Jelaskan berikut dasar hukumnya
Akibat Hukum Pembatalan Perkawinan serta Perlindungan terhadap Hak Anak
Dalam Pasal 28 ayat (1) UU Perkawinan disebutkan bahwa akibat hukum batalnya
suatu perkawinan dimulai setelah putusan pengadilan mempunyai kekuatan hukum
yang tetap dan berlaku sejak saat berlangsungnya perkawinan.

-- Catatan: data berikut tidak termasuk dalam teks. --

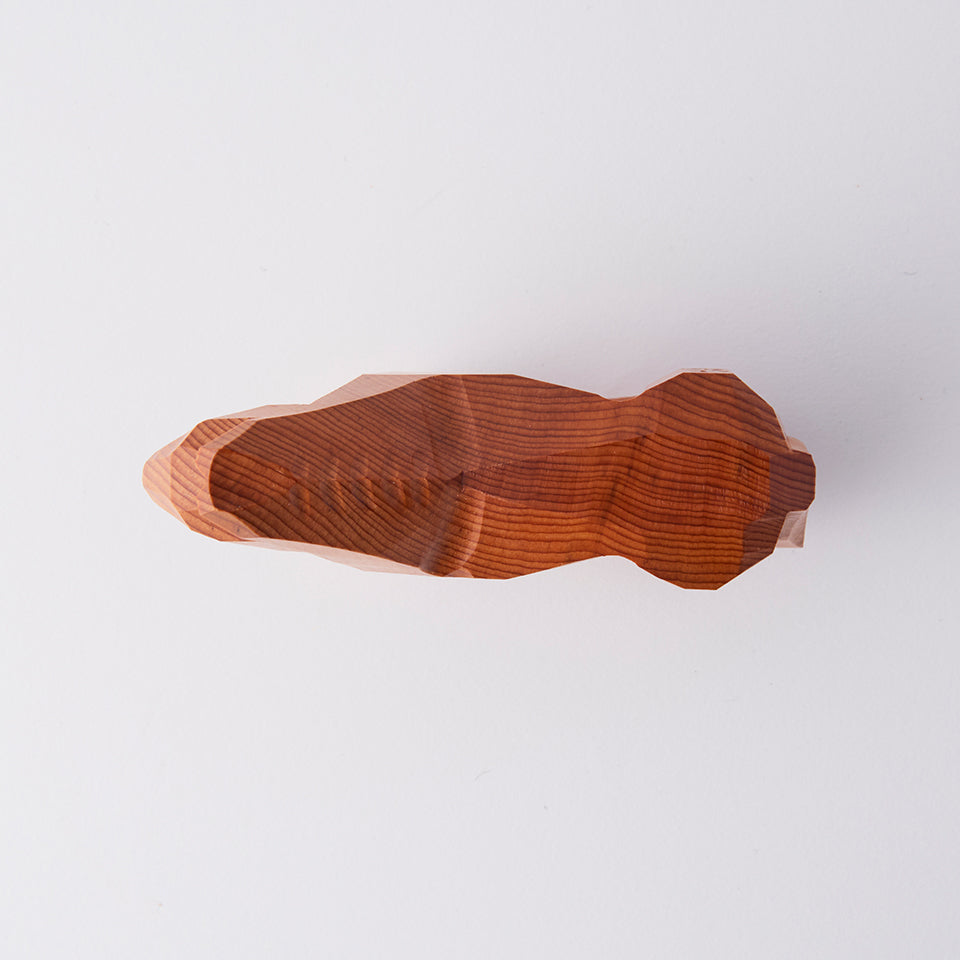 【一位一刀彫 鷲塚彫刻】午（小）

Jika akibat dari adanya perkawinan yang dibatalkan berupa batal demi hukum,
artinya perkawinan dianggap tidak pernah ada, namun demikian keputusan tersebut
tidak berlaku surut terhadap:
perkawinan yang batal karena salah satu suami atau istri murtad;
anak-anak yang dilahirkan dari perkawinan tersebut. Terhadap mereka tidak ada
perubahan status, dalam arti ia tetap memiliki bapak dan ibunya walaupun bapak
ibunya tersebut dibatalkan perkawinannya. Selanjutnya, mengenai kepada siapa
anak-anak itu ikut, hal ini tergantung putusan pengadilan, tetapi biasanya anak yang
masih di bawah umur akan ditetapkan mengikuti ibunya;
pihak ketiga sepanjang mereka memperoleh hak-hak dengan beriktikad baik,
sebelum keputusan pembatalan perkawinan berkekutan hukum yang tetap;
Batalnya suatu perkawinan tidak akan memutuskan hubungan hukum antara anak
dengan orang tuanya.
dapat ditegaskan bahwa bagi anak-anak yang lahir dari perkawinan yang dibatalkan
tersebut tetap berkedudukan sebagai anak sah.

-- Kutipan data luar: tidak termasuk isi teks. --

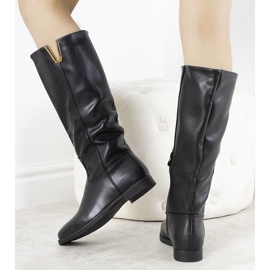 Bottines compensées noires Zavala le noir 3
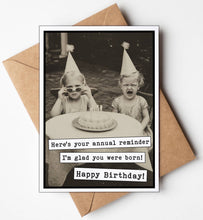 Load image into Gallery viewer, Birthday Cards - I'm glad you were born
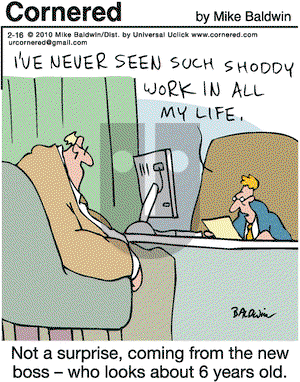 Cornered on Tuesday February 16, 2010 Comic Strip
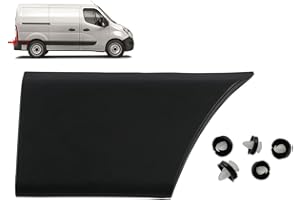 ROBUST CAR PARTS Tira de moldura lateral para panel trasero derecho del conductor para Opel Movano Mk2 Nissan Interstar X70 Nissan Nv400 Renault Master Mk3 2010-2016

Dengan demikian, anak tetap menjadi tanggung jawab kedua belah pihak, suami dan
istri. Kedua orang tua tetap berkewajiban mendidik dan memelihara anak tersebut
berdasarkan kepentingan si anak.

Terhadap anak perempuan, maka ayah kandung berhak pula menjadi wali nikah.
Dalam hal terjadi kewarisan, maka anak masih memiliki hak waris dari kedua orang
tuanya, serta memiliki hubungan kekeluargaan pula dari kedua pihak orang tuanya.